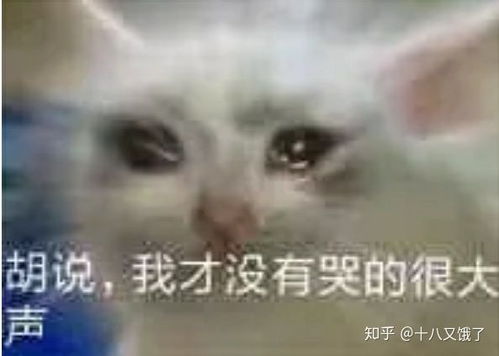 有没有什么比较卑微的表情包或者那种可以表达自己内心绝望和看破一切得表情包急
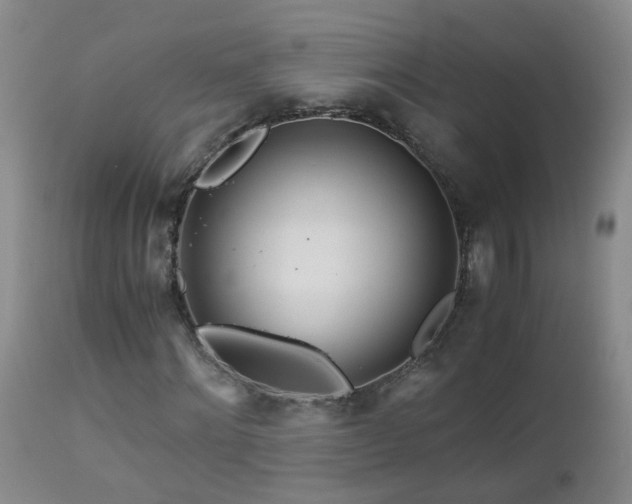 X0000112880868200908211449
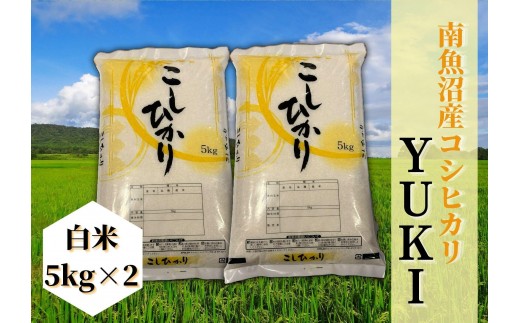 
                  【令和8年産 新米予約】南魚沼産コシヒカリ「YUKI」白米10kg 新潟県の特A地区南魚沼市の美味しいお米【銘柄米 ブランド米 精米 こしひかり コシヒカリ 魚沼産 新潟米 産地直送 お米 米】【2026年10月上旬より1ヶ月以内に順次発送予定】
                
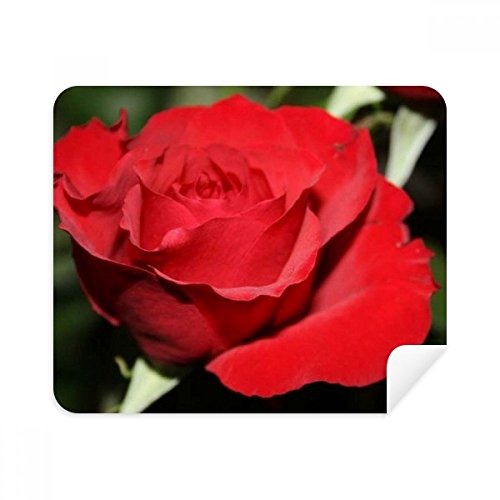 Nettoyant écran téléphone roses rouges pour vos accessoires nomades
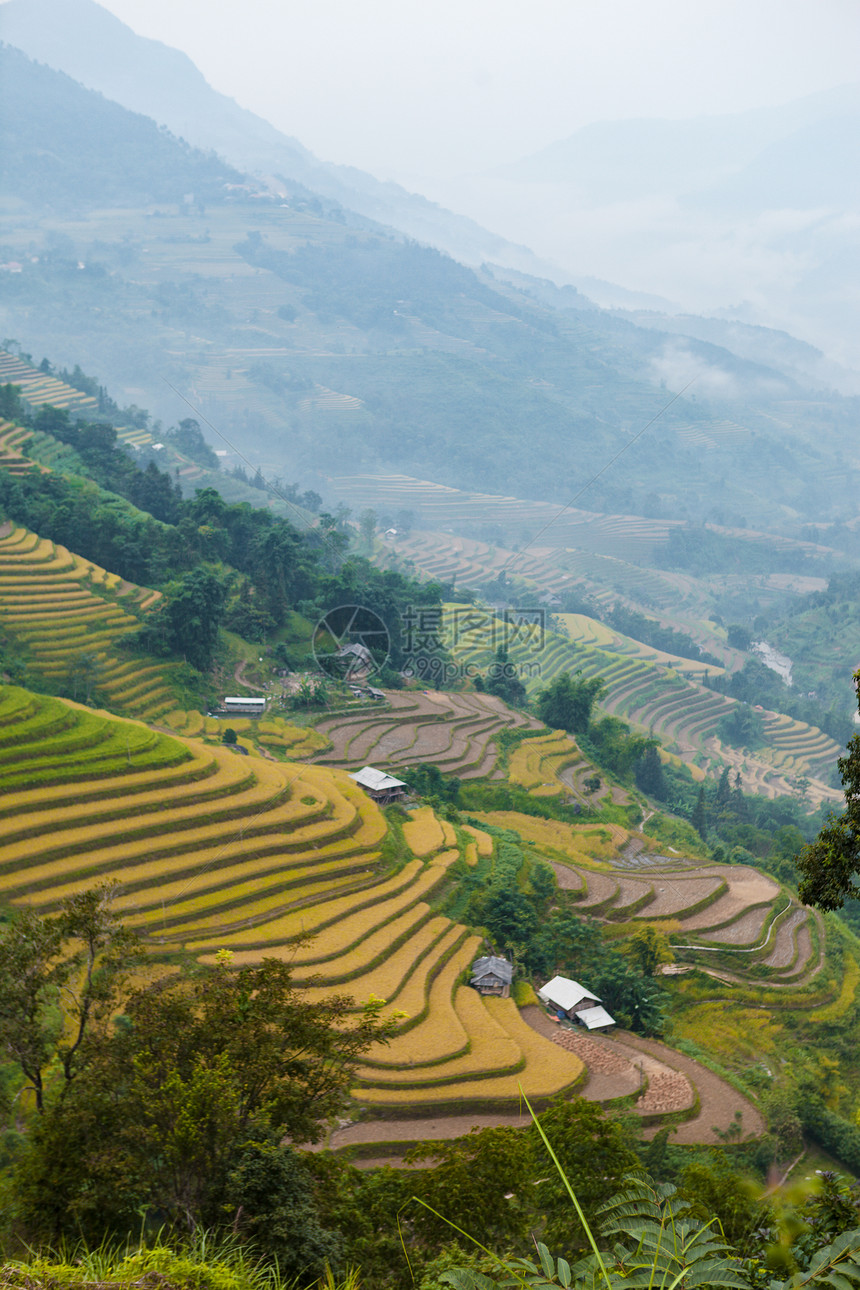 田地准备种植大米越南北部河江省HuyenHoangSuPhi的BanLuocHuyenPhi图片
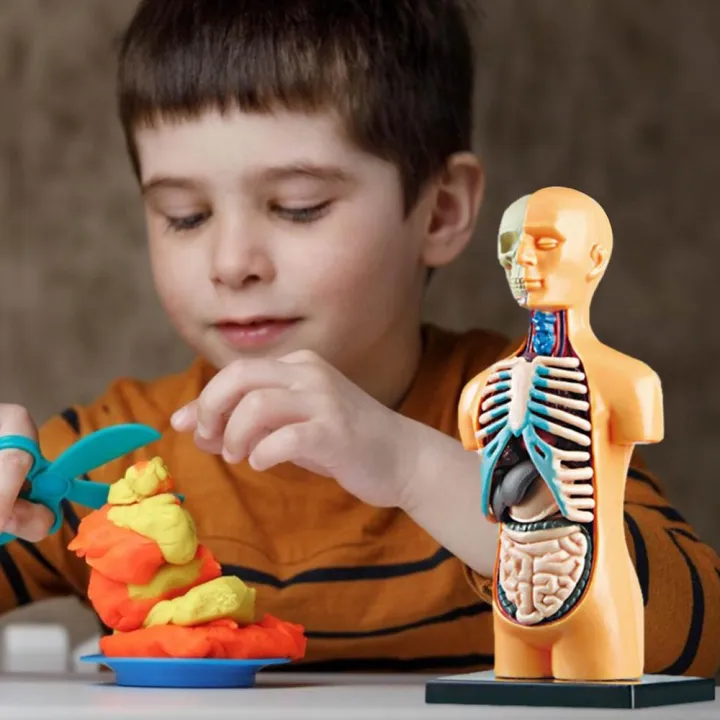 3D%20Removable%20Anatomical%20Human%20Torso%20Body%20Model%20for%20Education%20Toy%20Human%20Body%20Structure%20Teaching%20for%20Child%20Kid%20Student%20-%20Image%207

──────────

Task to carry out = Print the part of the listing above that opens with the line containing "産地直送 お米 米】【2026年10月上旬より1ヶ月以内に順次発送予定】" and closes with the line containing "田地准备种植大米越南北部河江". Copy it exactly, both ends included, and omit the pictures.

Response to this exercise =
                  【令和8年産 新米予約】南魚沼産コシヒカリ「YUKI」白米10kg 新潟県の特A地区南魚沼市の美味しいお米【銘柄米 ブランド米 精米 こしひかり コシヒカリ 魚沼産 新潟米 産地直送 お米 米】【2026年10月上旬より1ヶ月以内に順次発送予定】
                
 Nettoyant écran téléphone roses rouges pour vos accessoires nomades
 田地准备种植大米越南北部河江省HuyenHoangSuPhi的BanLuocHuyenPhi图片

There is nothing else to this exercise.